▶ [Data]:
____________

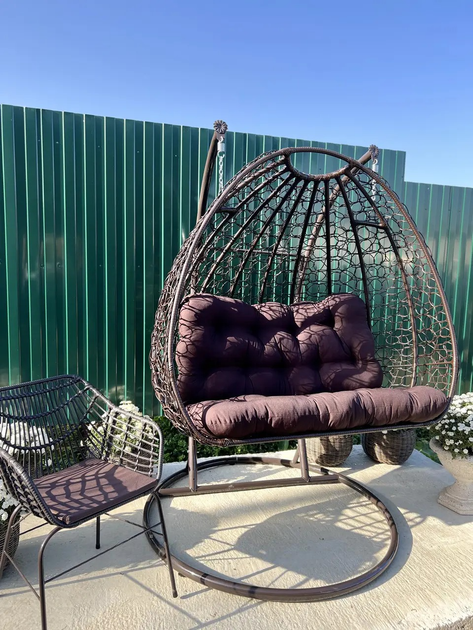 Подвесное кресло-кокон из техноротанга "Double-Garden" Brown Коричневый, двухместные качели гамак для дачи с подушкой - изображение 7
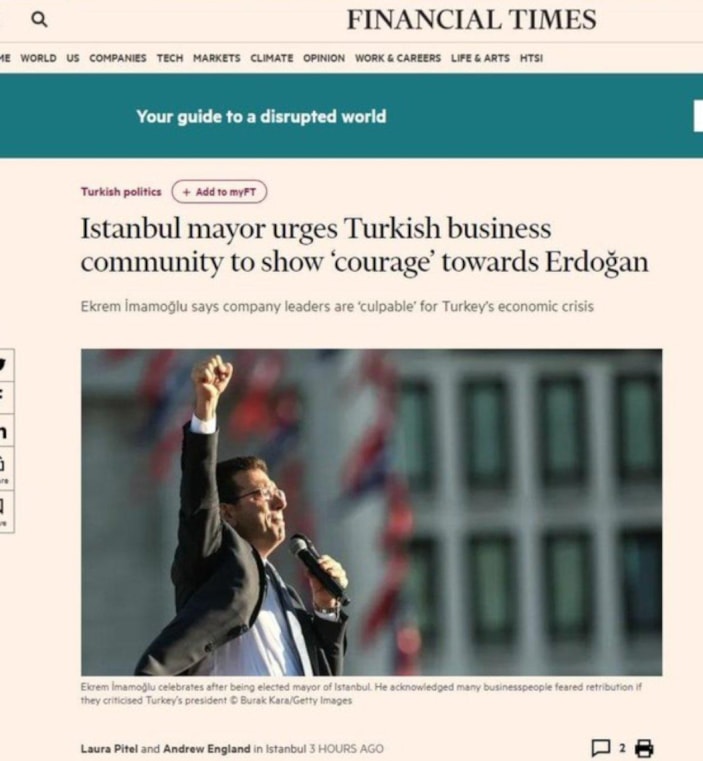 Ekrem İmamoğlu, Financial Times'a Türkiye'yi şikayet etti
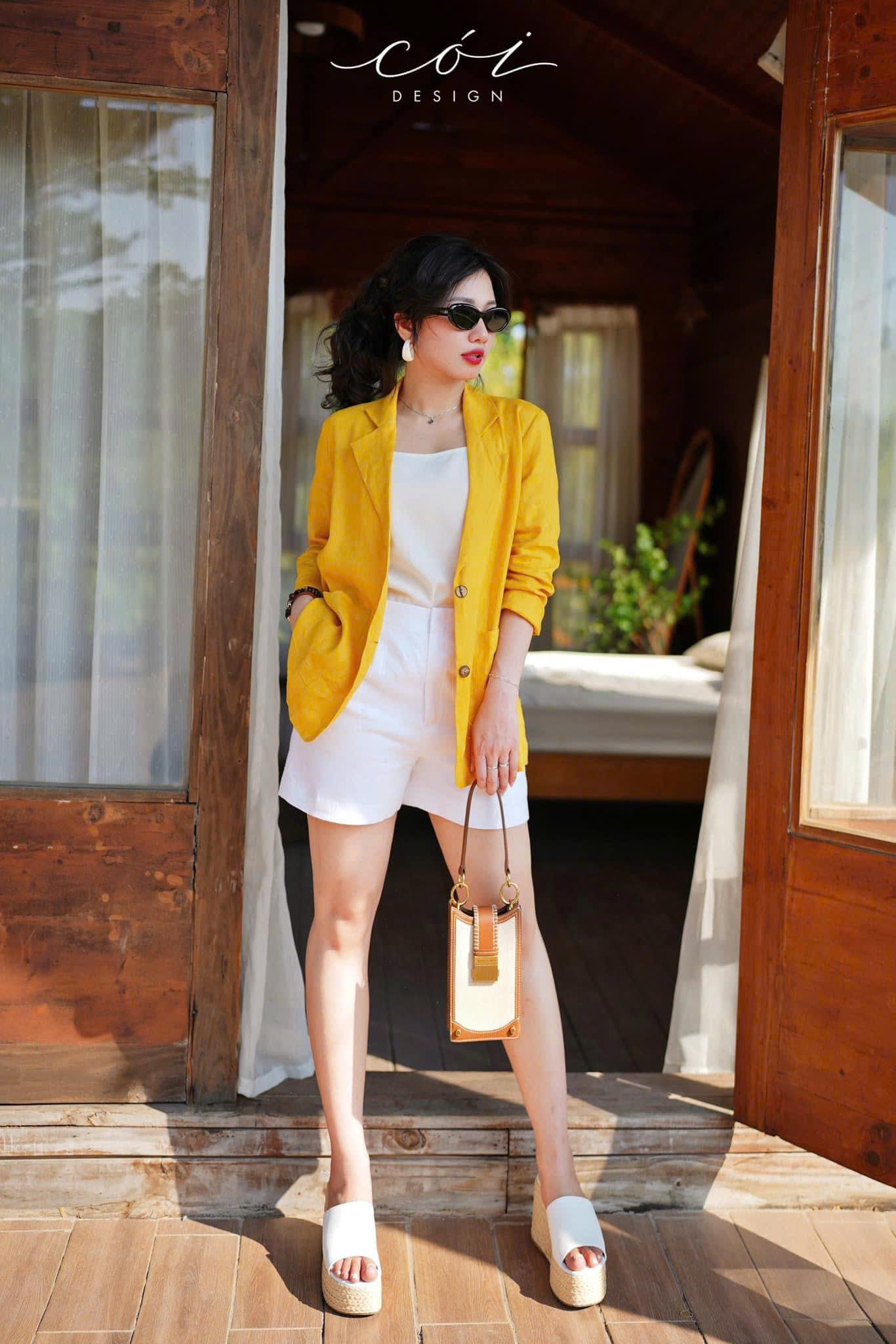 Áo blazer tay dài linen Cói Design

____________

▶ [The task]:
Word for word, reproduce the listing above; no image should be carried over.

▶ [Response area]:
 Подвесное кресло-кокон из техноротанга "Double-Garden" Brown Коричневый, двухместные качели гамак для дачи с подушкой - изображение 7
 Ekrem İmamoğlu, Financial Times'a Türkiye'yi şikayet etti
 Áo blazer tay dài linen Cói Design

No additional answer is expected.